═════ Data section ═════

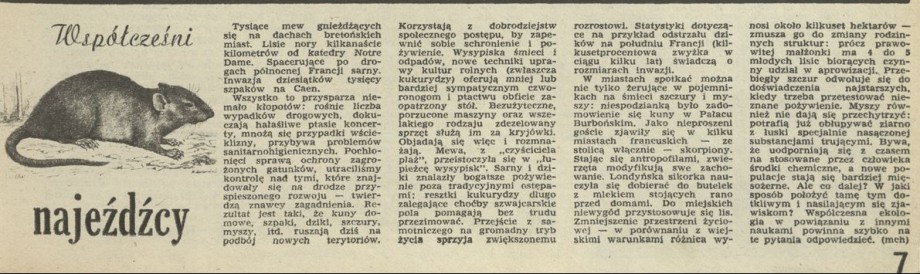 Współcześni najeżdźcy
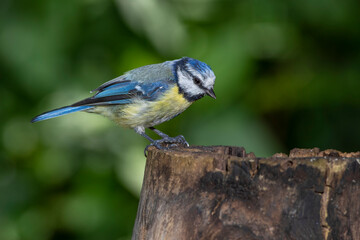 Blaumeise (Cyanistes caeruleus)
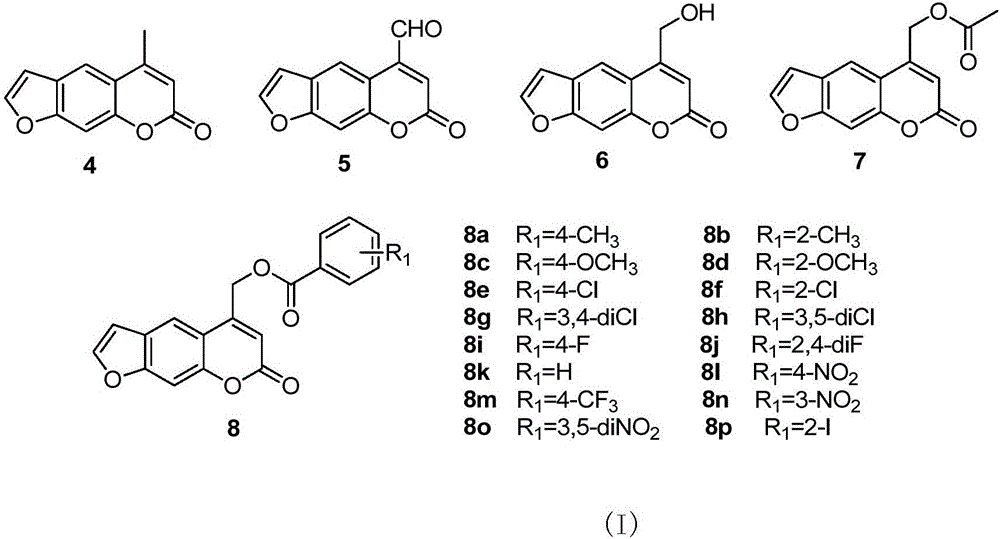 Psoralen ester derivatives and applications thereof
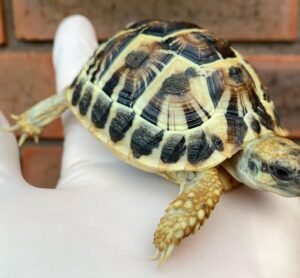 Buy Dwarf Westerns Hermanns Tortoise Online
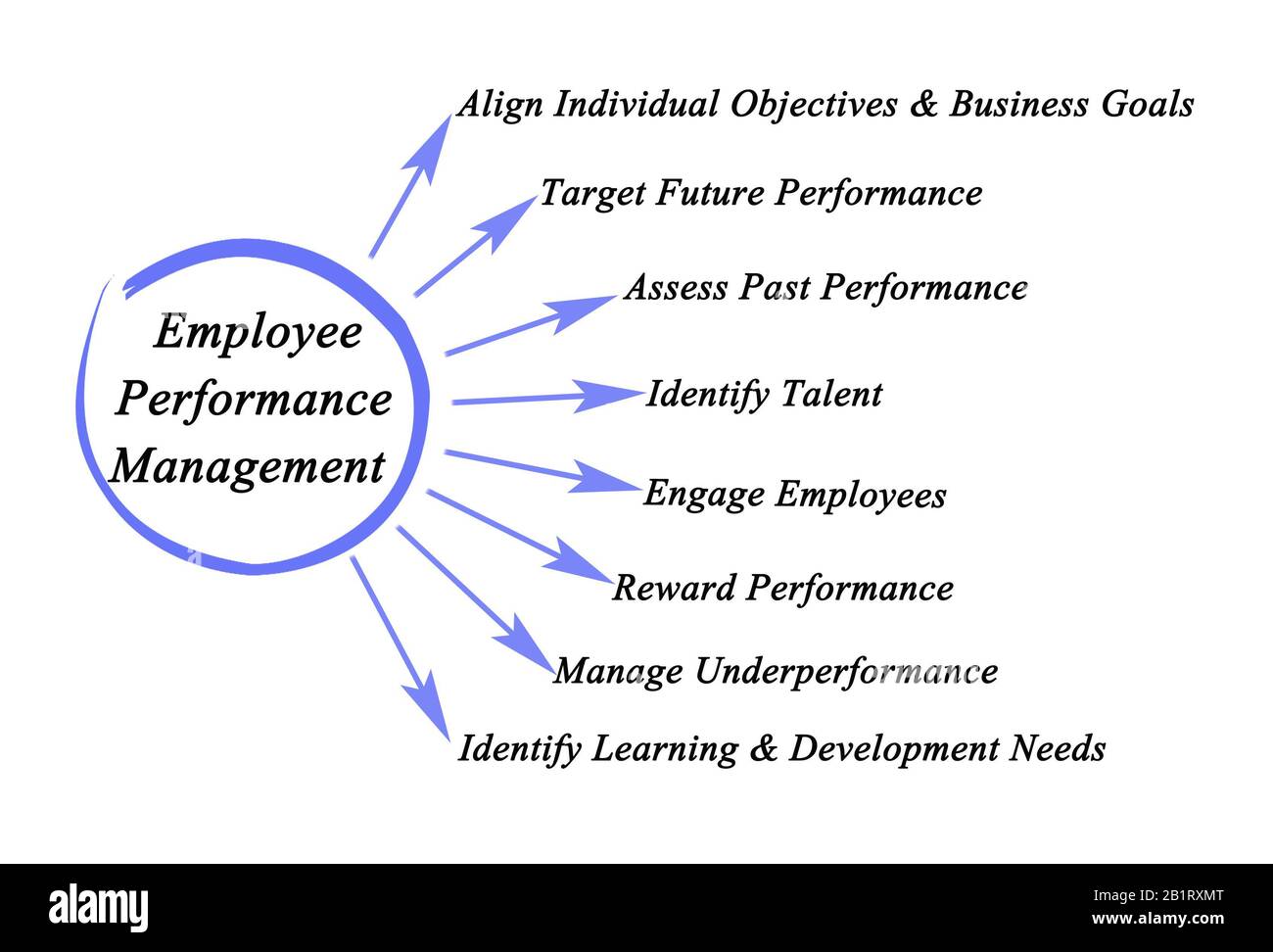 components-of-employee-performance-management-stock-photo-alamy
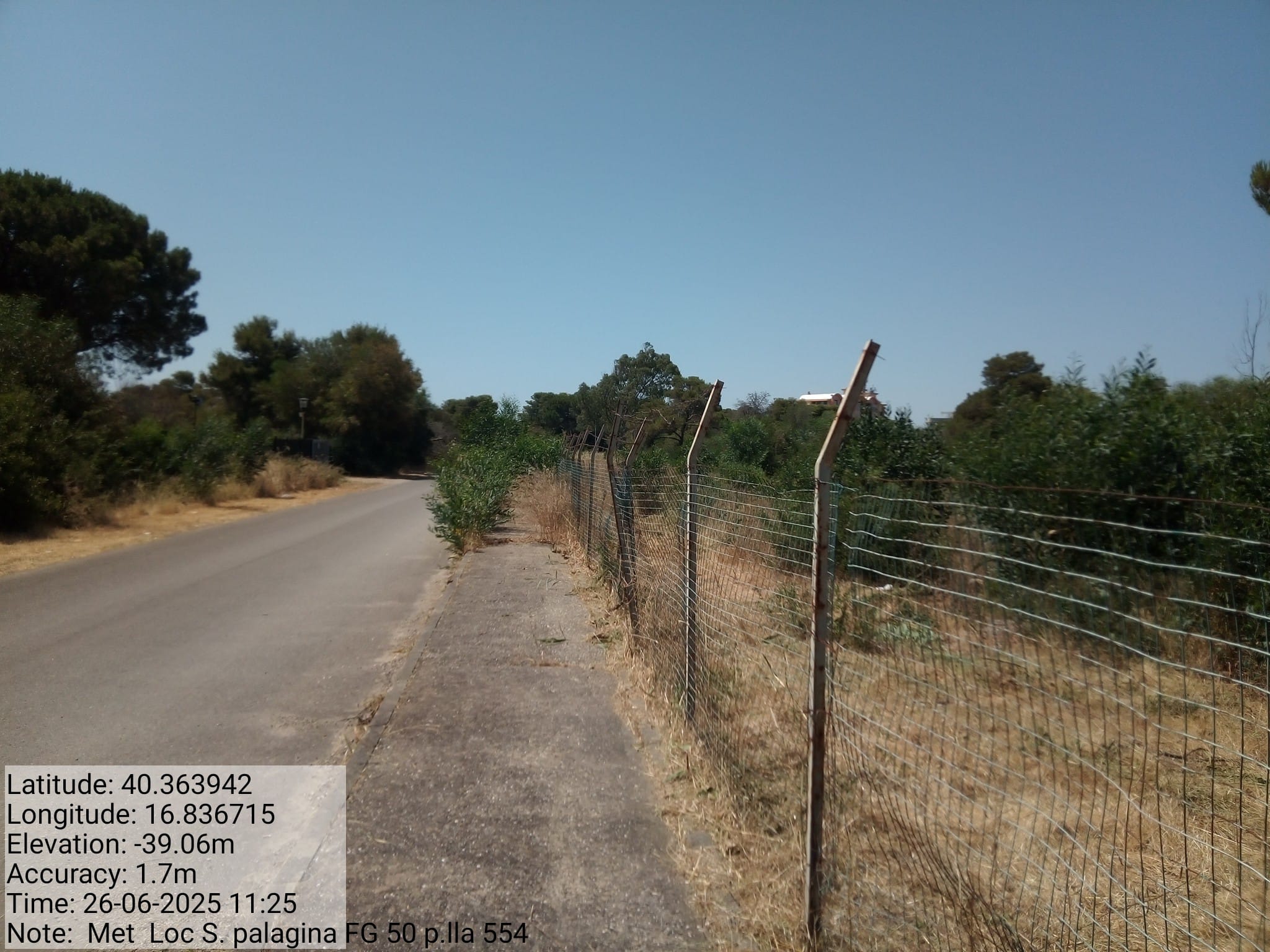 Galleria Fotografica Immagine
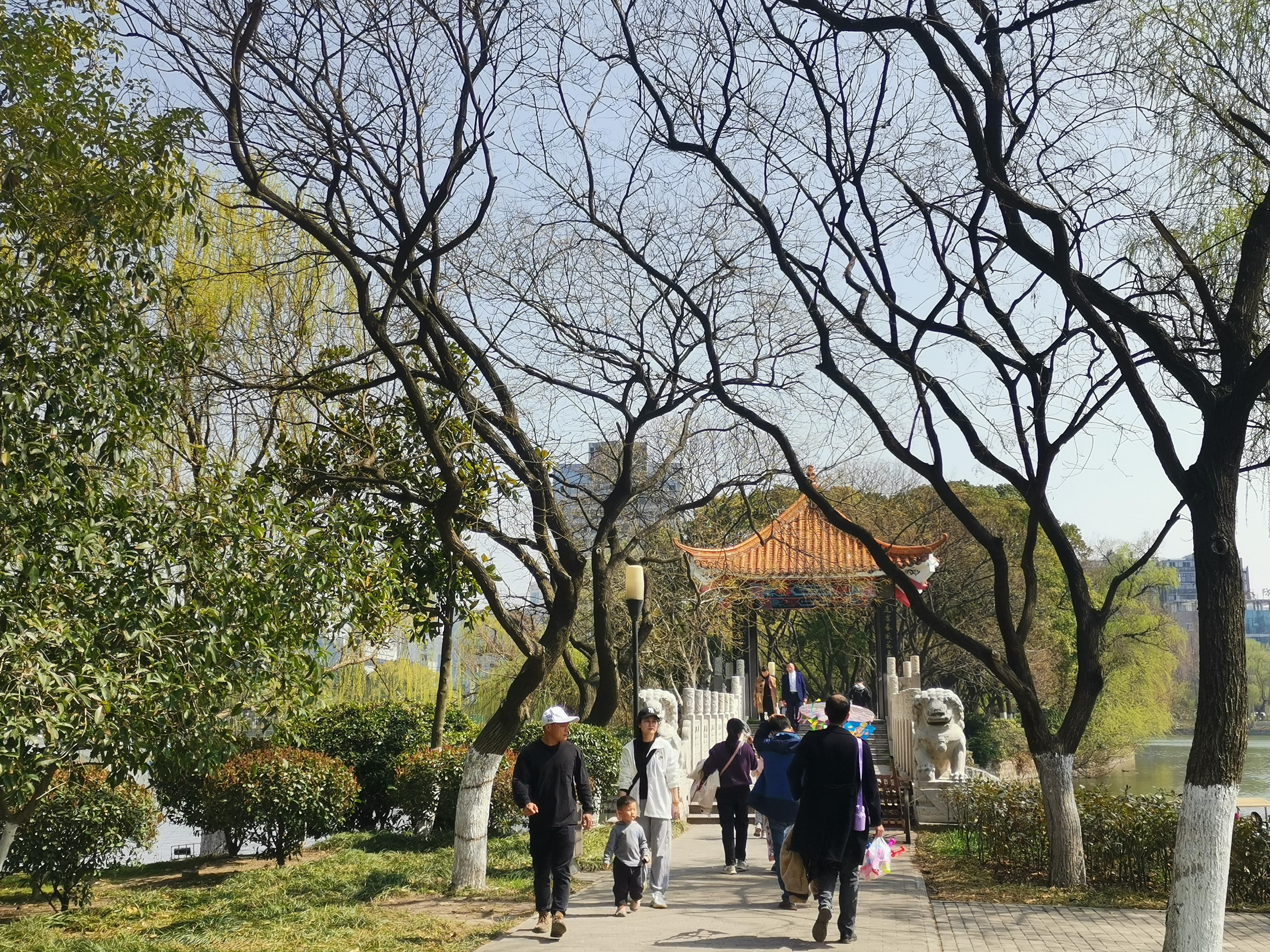 澳門75期最快天天開獎，揭秘彩票背后的秘密與策略，澳門75期天天開獎揭秘，彩票背后的秘密與策略探究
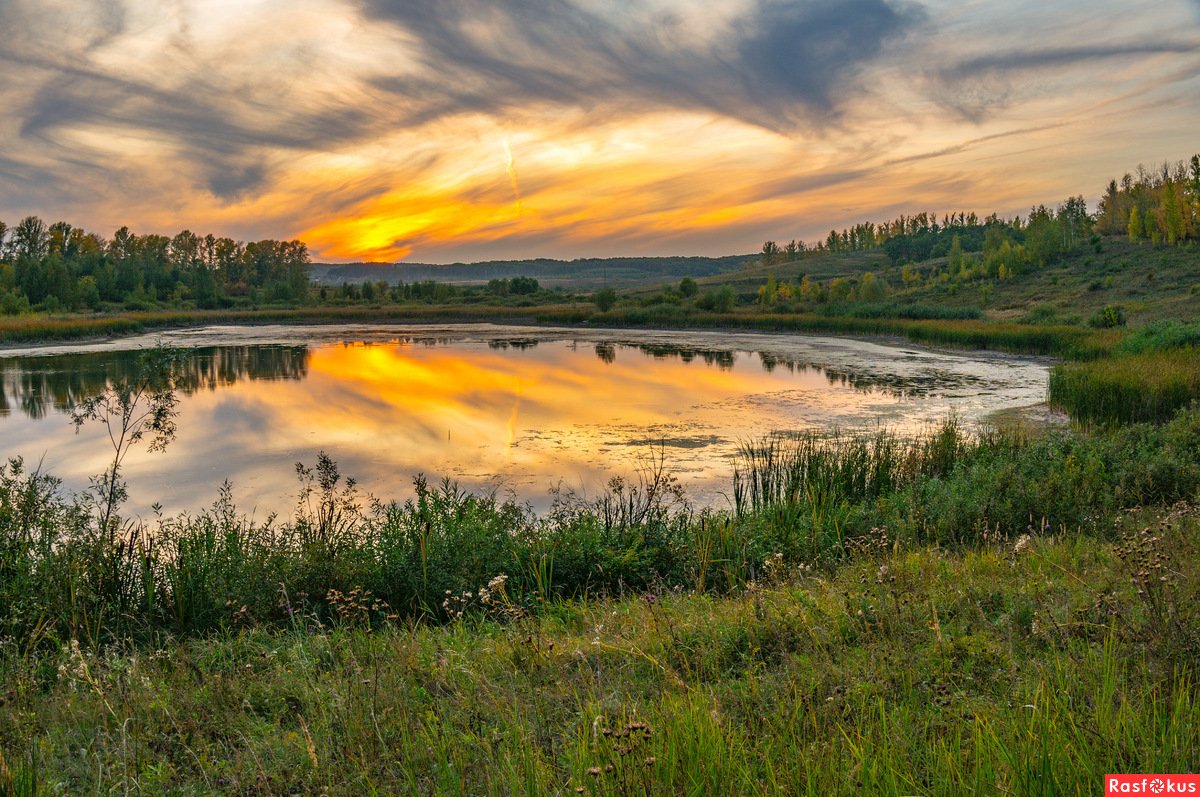 Природа в городе фотоконкурс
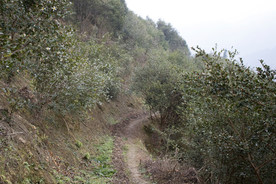 茶树 山茶树 茶籽油 茶叶 茶
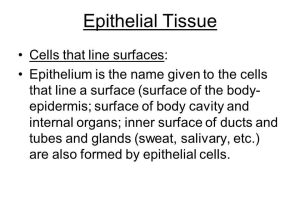 Tissue Worksheet Section A Intro to Histology as Well as Histology the Study Of Tissues Overview Of Tissues All the organs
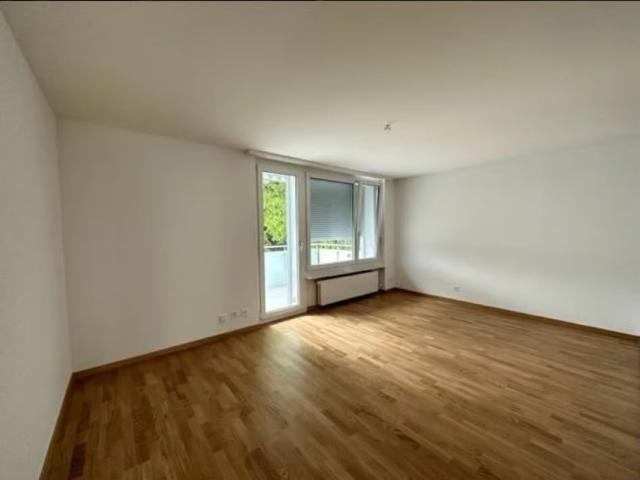 Apartment mieten in Büchel, Adliswil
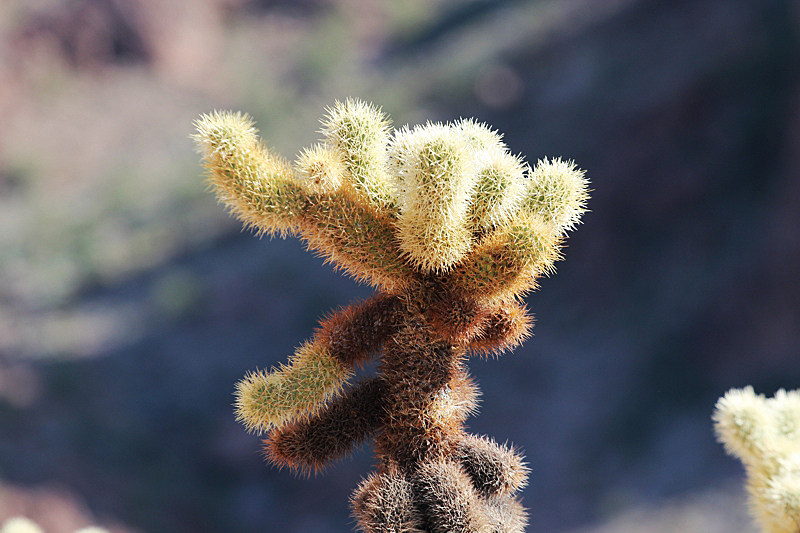 Cholla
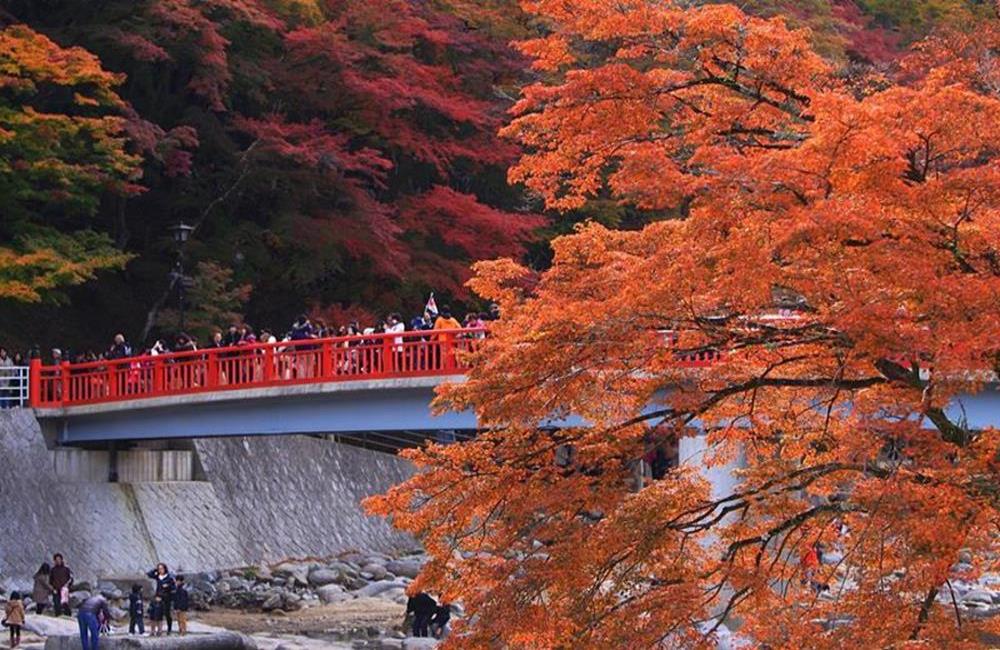 名古屋,愛知縣,香嵐溪,香嵐溪紅葉祭,香嵐溪賞楓景點,愛知賞楓景點,香嵐溪紅葉,香嵐橋,2022香嵐溪紅葉祭,日本賞楓行程推薦,日本水上賞楓,日本賞楓,日本賞楓自由行,日本賞楓,日本紅葉預測,日本船上賞楓景點,賞楓景點,賞楓秘境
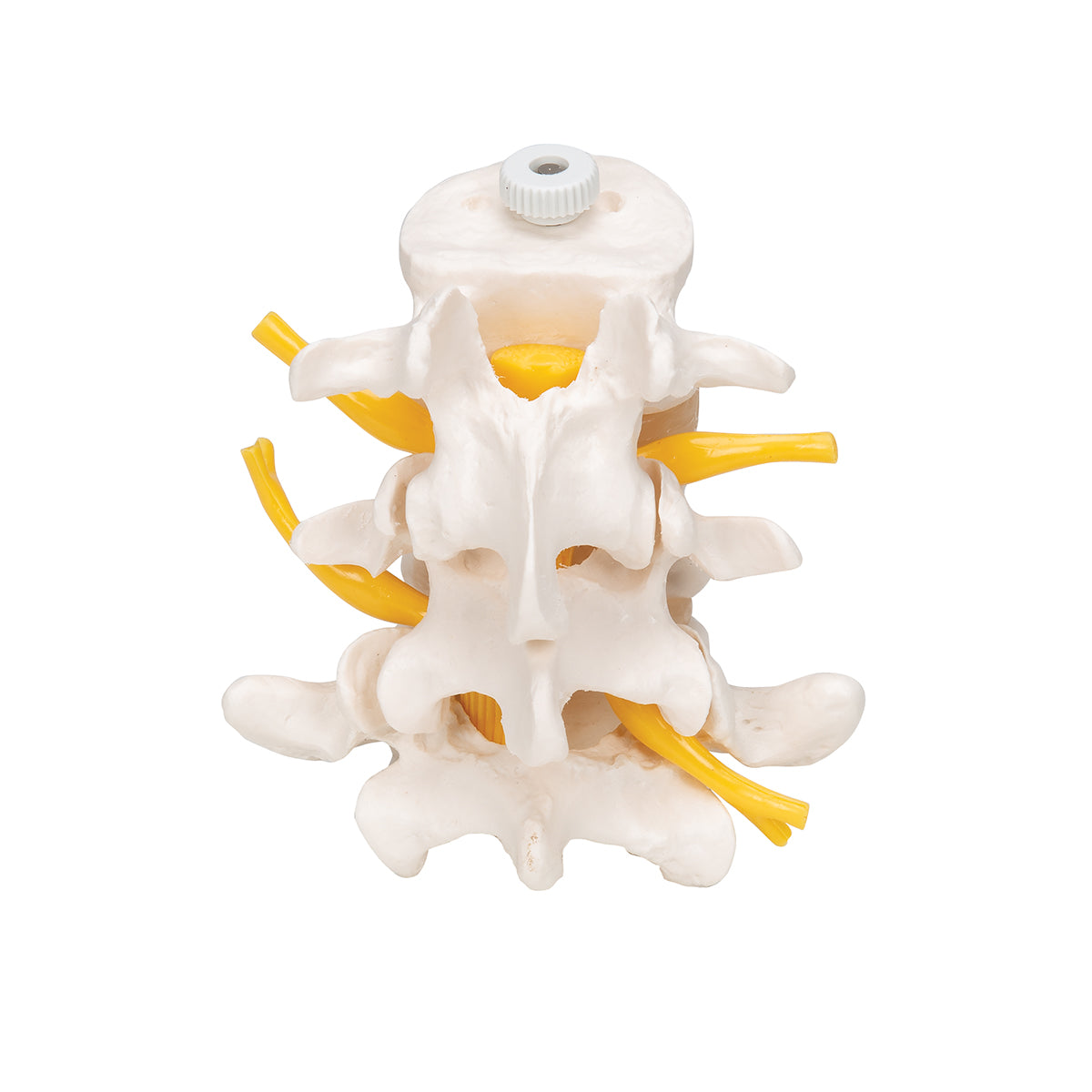 3 Human Lumbar Vertebrae, Flexibly Mounted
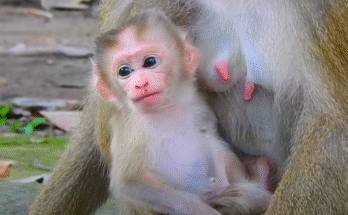 A tiny baby monkey lying on a mossy rock at dawn, calling out in distress while a larger mother figure turns away in the misty Angkor Wat forest.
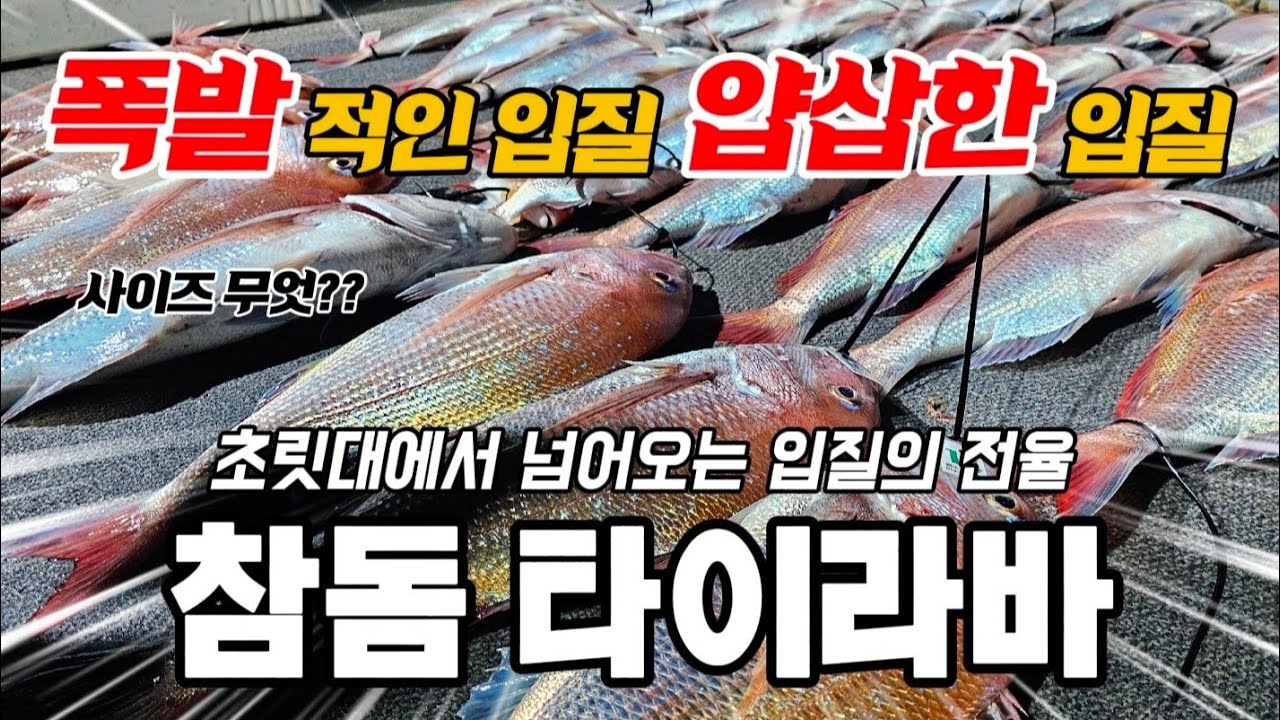 참돔 타이라바! 남들 나오지 않을 때 나는 나온다~ 그 이유가?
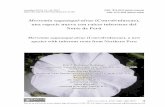 Merremia sagastegui-alvae (Convolvulaceae), una especie ... · (Paijanense, Salinar e Inca) (Briceño, 2011; Briceño & Billman 2009, 2012), y natural por la gran diversidad florística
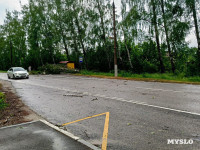 Ураган в Богучарово, Фото: 1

═════

### [Work request]
Between and including the line with "Blaumeise (Cyanistes caeruleus)" and the line with "茶树 山茶树 茶籽油 茶叶 茶", repeat every line exactly as it appears above, with pictures left out.

### [Result of the exercise]
 Blaumeise (Cyanistes caeruleus)
 Psoralen ester derivatives and applications thereof
 Buy Dwarf Westerns Hermanns Tortoise Online
 components-of-employee-performance-management-stock-photo-alamy
 Galleria Fotografica Immagine
 澳門75期最快天天開獎，揭秘彩票背后的秘密與策略，澳門75期天天開獎揭秘，彩票背后的秘密與策略探究
 Природа в городе фотоконкурс
 茶树 山茶树 茶籽油 茶叶 茶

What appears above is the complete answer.